Registre des bénéficiaires effectifs : ne l'oubliez pas

Toute SARL doit déclarer ses bénéficiaires effectifs (les personnes physiques détenant plus de 25 % du capital ou des droits de vote, ou exerçant un contrôle par tout autre moyen) lors de l'immatriculation, puis à chaque changement. Le défaut de déclaration est pénalement sanctionné (article L574-5 du code monétaire et financier). La déclaration se fait dans la même formalité, sur le guichet unique.

Questions fréquentes

Combien coûte la création d'une SARL en 2026 ?

En faisant les démarches vous-même : environ 147 euros hors taxes d'annonce légale, environ 34 euros d'émoluments de greffe pour l'immatriculation et environ 19 euros pour la déclaration des bénéficiaires effectifs, soit environ 200 euros au total. S'y ajoutent les éventuels honoraires si vous confiez la rédaction des statuts à un professionnel, recommandés dès que le montage sort du cas simple.

Quel capital social choisir pour une SARL ?

La loi n'impose aucun minimum : 1 euro suffit. En pratique, un capital de 500 à quelques milliers d'euros est conseillé : il crédibilise la société, absorbe les premières dépenses et, entièrement libéré, conditionne le taux réduit d'impôt sur les sociétés de 15 % sur les premiers bénéfices. Choisissez un nombre de parts qui divise exactement le montant et permet la répartition voulue entre associés.

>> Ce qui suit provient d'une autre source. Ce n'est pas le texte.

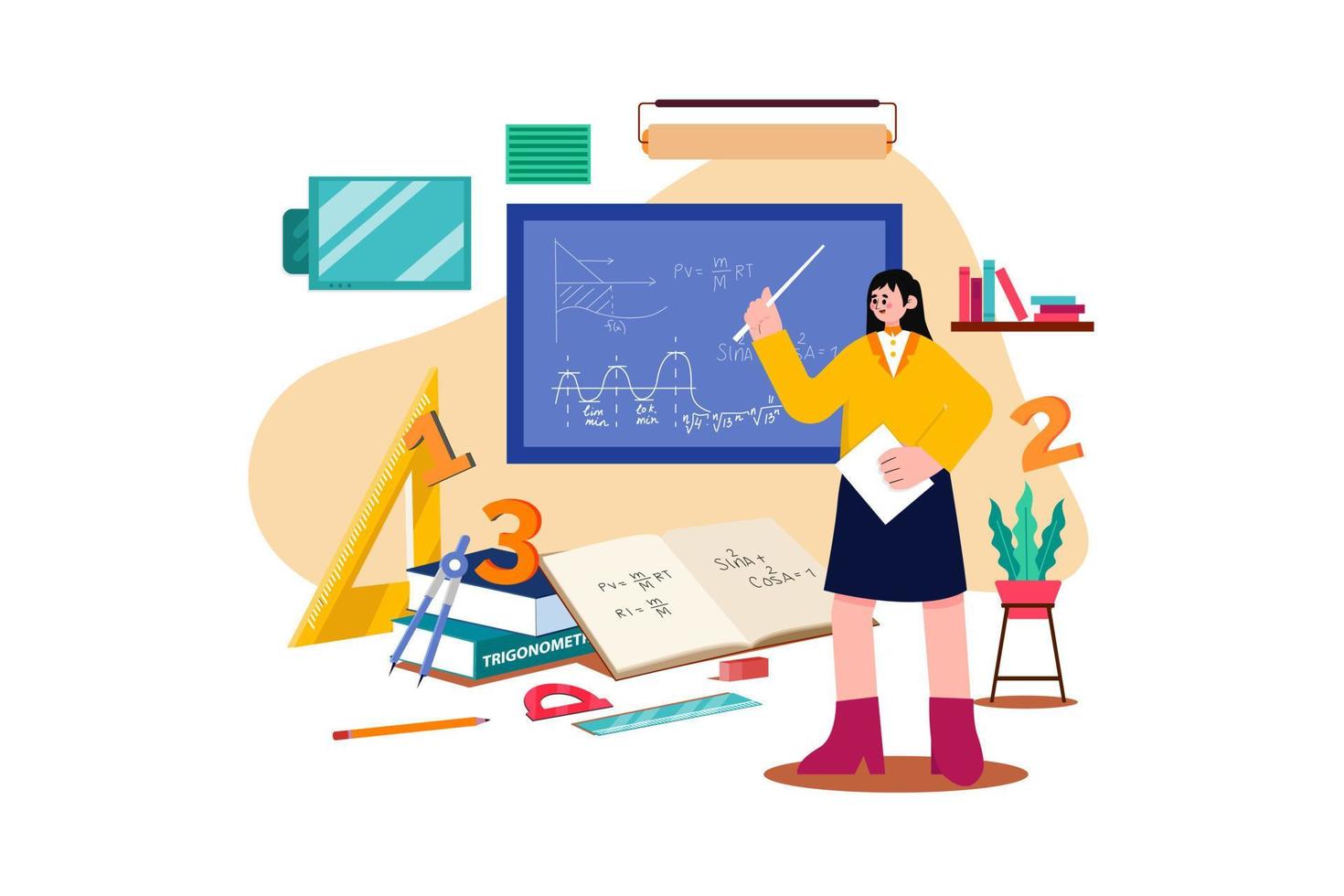 Math teacher Illustration concept on white background vector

SARL ou SAS : comment choisir ?

La SARL offre un cadre légal protecteur et rigide : agrément légal des cessions aux tiers, gérant révocable seulement dans les conditions légales, régime des indépendants pour le gérant majoritaire (cotisations plus faibles mais protection moindre). La SAS offre une liberté statutaire quasi totale et un président assimilé salarié, mais tout repose sur la rédaction des statuts. Pour un projet familial ou entre deux associés stables, la SARL est souvent adaptée ; pour accueillir des investisseurs, la SAS s'impose généralement.

Peut-on créer une SARL seul ?

Oui, sous la forme d'une EURL (SARL à associé unique) : les règles sont les mêmes, adaptées à l'associé unique. Notre modèle est conçu pour une SARL à deux associés ou plus ; pour une société unipersonnelle, utilisez plutôt des statuts d'EURL ou de SASU, dont le fonctionnement est simplifié.

Le gérant de SARL doit-il être associé ?

Non. Le gérant est obligatoirement une personne physique, mais il peut être un tiers non associé (article L223-18 du code de commerce). En pratique, dans les petites SARL, le gérant est presque toujours l'un des associés ; le choix entre gérance majoritaire et minoritaire détermine son régime social (indépendant ou assimilé salarié).

Comment modifier les statuts d'une SARL après la création ?

Par décision extraordinaire des associés représentant au moins les deux tiers des parts (pour les sociétés constituées depuis le 4 août 2005), constatée par un procès-verbal, suivie le cas échéant d'une annonce légale et d'une formalité au guichet unique (transfert de siège, changement de dénomination ou d'objet, augmentation de capital). Chaque modification a un coût : d'où l'intérêt de rédiger dès l'origine des statuts assez souples, notamment sur l'objet social et la rémunération du gérant.